“Be assertive! Be confident! Stand up for yourself!”
Why do you always take things back once I say them? I’m just trying to do what you ask me to do. I understand that I probably did it wrong, but you were the one who told me to do it. I’m sorry I didn’t realize you were lying.
Now you all hate me. Now you’re all conspiring against me and I don’t blame you.
I ruined that shit, though. “Oh look at me, I’m going to talk shit behind your back because I’m pathetic.” How dare I seek sympathy. I deserve to feel like shit.
My politesse will get me nowhere now.
Now I’ve been exposed as the shithole I am. I deserve to have the shit kicked out of me. Why won’t you fucking say something? Why won’t you tell me you hate me?! You had no problem doing it before! I can’t hate you now! I can’t say anything anymore! Beat the shit out of me if you care so goddamn much!
You never liked me. Here’s your chance to crucify me. Nobody will stop you now. In fact, you’ll be cheered on. It was not right of me to criticize you.
I accept the guilt. I just wish it would end at some point. Guess I’ll just add this to the wall of unforgivable mistakes I’ve made, right between hating my mother and that misinterpreted sentence. Just because I didn’t mean for it to happen doesn’t make me any less guilty. Guilt is objective.
It’s the one unchanging thing I will always be able to cling to like the needy, dependent ***** I am.
1 comment
There’s not a person who’s never said or done anything stupid or made a mistake..

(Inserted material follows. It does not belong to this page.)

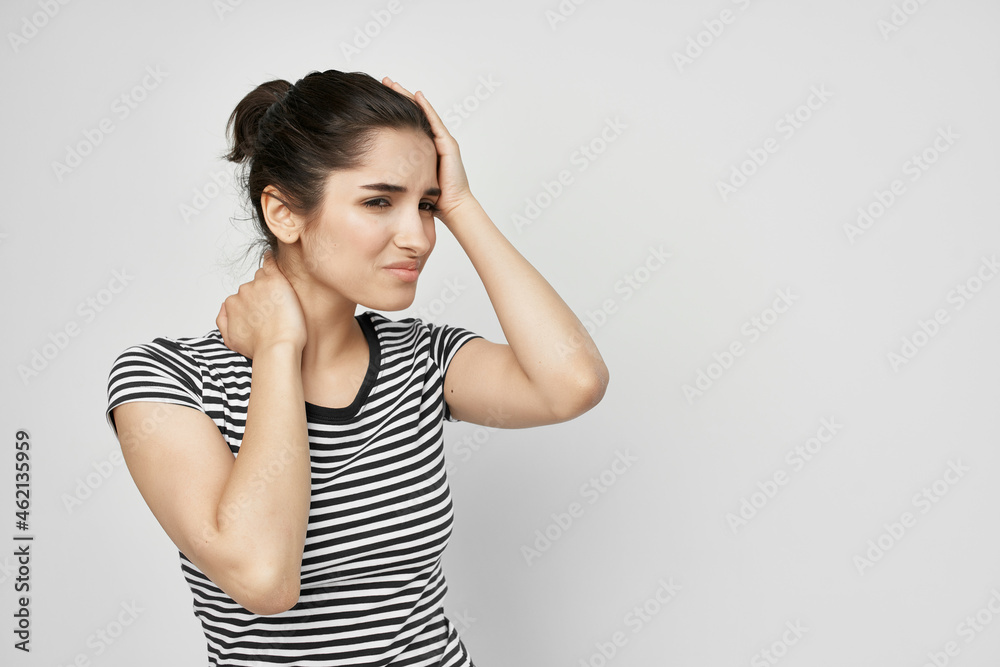 brunette in a striped t-shirt pain in the neck health problems brunette in a striped t-shirt pain in the neck health problems
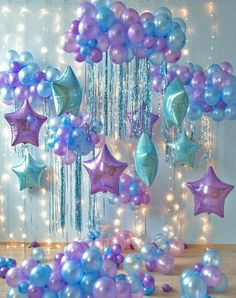 purple and blue balloons are floating in the air with streamers hanging from it's ceiling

And there’s a difference between talking about a situation and talking behind someone’s back. Whatever happened, I think there’s a good chance it can pass.
I think you’re too hard on yourself. “Unforgivable mistakes”… Intent matters, so misinterpretation should hardly apply. Parents don’t always do everything that’s best for their kids.
And if guilt is objective, I think you claim too much.